ABOUT THIS EXERCISE
Return the stretch from the line with "Volkswagen T-Roc Front bumper 2GA807521" through the line with "Комплекты свадебных аксессуаров." in the data below, character for character, skipping all pictures.

DATASET ENTRIES
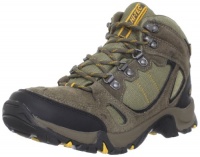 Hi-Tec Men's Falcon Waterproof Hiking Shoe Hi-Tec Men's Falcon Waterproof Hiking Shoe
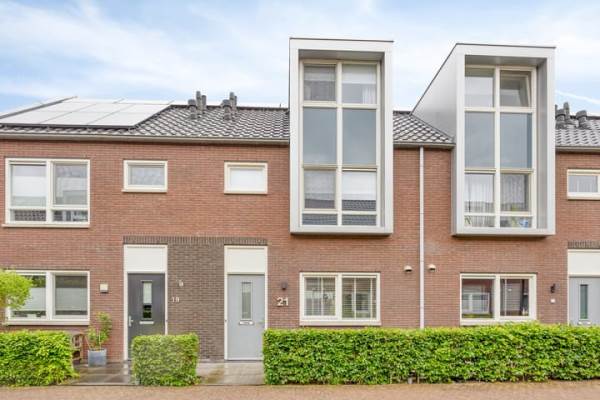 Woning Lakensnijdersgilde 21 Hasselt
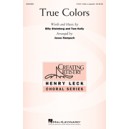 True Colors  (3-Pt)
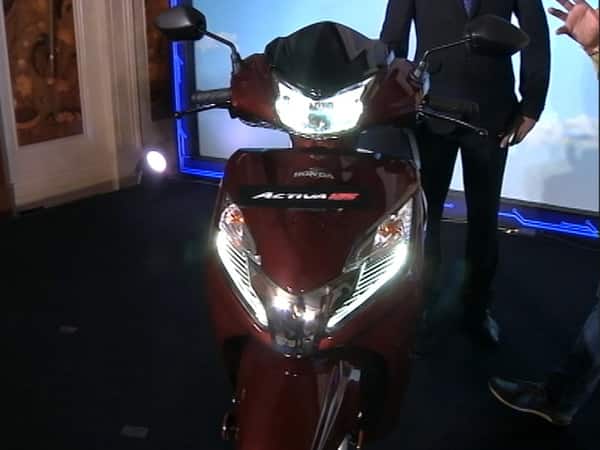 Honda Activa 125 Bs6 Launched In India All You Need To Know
* * *
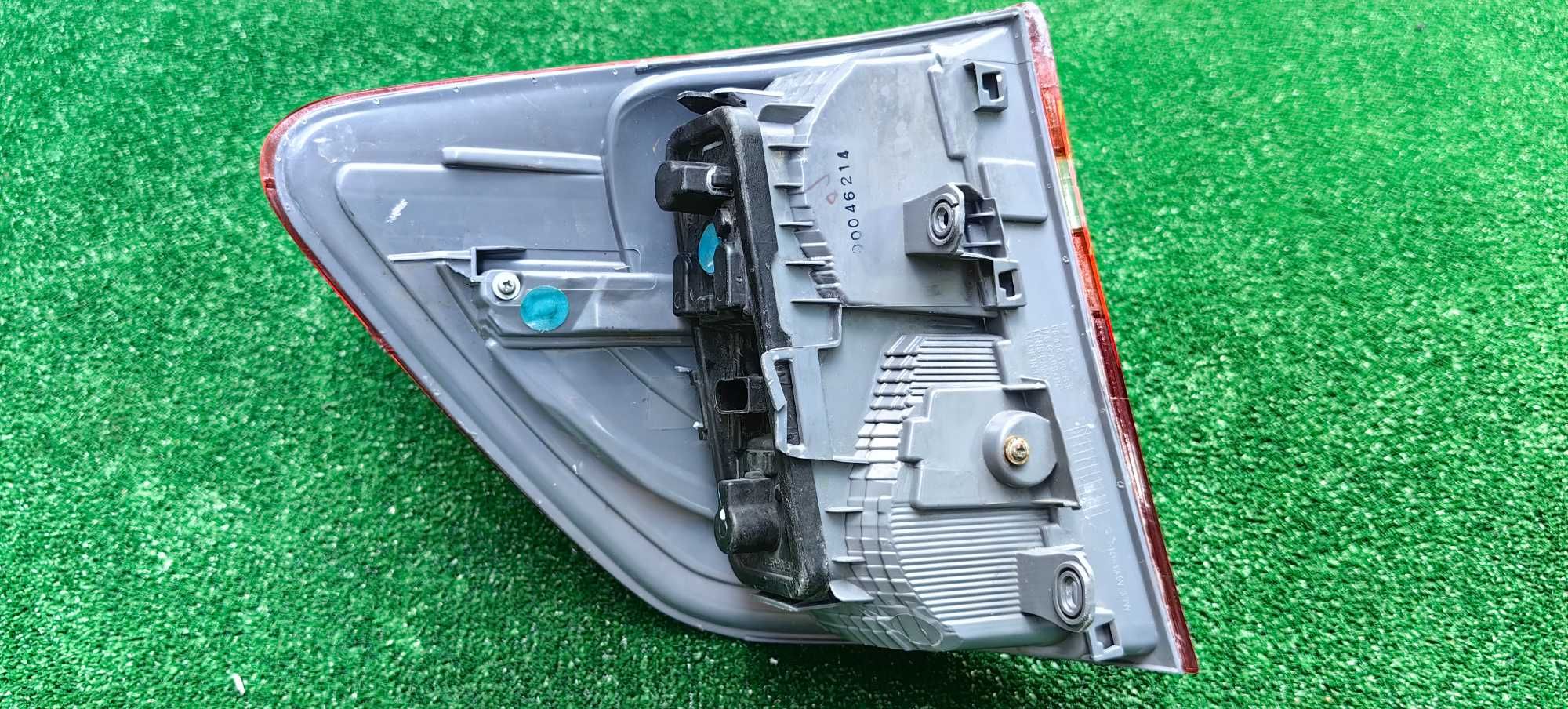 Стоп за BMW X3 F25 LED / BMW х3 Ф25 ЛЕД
---
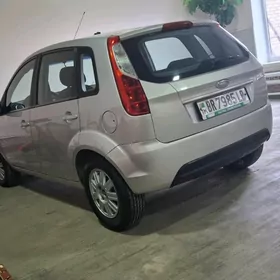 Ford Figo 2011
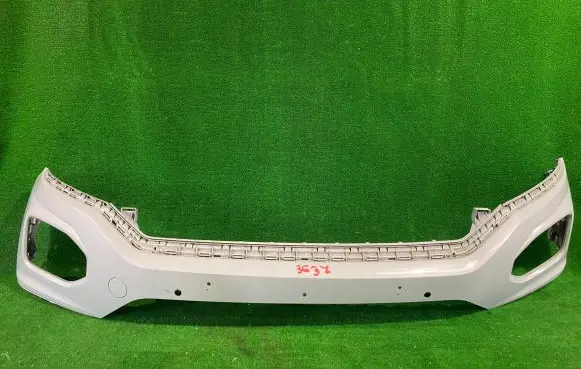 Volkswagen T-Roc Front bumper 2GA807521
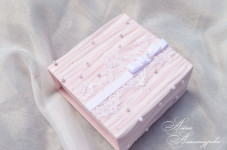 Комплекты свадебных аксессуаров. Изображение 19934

ANSWER FOR THE TASK
 Volkswagen T-Roc Front bumper 2GA807521
 Комплекты свадебных аксессуаров. Изображение 19934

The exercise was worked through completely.